• _Action item_
From the listing below, reproduce exactly the lines starting with the one with "Sissy The Cat" and going on through the one with "Livabliss by Surya", both ends kept. No picture is copied.
*** Data for processing ***
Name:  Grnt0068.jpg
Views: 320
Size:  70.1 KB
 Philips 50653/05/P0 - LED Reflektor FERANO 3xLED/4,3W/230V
*** End of Data for processing ***
*** Data for processing ***
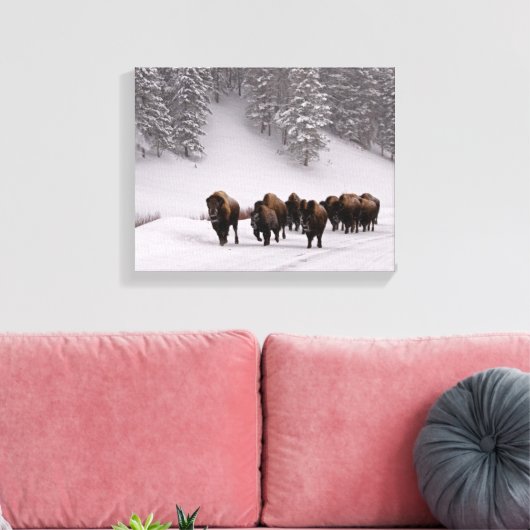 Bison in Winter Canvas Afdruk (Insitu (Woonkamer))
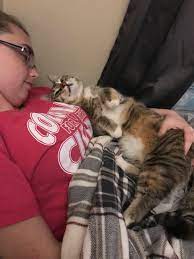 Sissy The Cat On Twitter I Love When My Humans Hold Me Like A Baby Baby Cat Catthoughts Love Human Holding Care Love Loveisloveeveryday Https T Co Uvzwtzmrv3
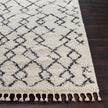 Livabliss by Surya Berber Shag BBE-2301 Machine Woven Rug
*** End of Data for processing ***
• _The answer_
 Sissy The Cat On Twitter I Love When My Humans Hold Me Like A Baby Baby Cat Catthoughts Love Human Holding Care Love Loveisloveeveryday Https T Co Uvzwtzmrv3
 Livabliss by Surya Berber Shag BBE-2301 Machine Woven Rug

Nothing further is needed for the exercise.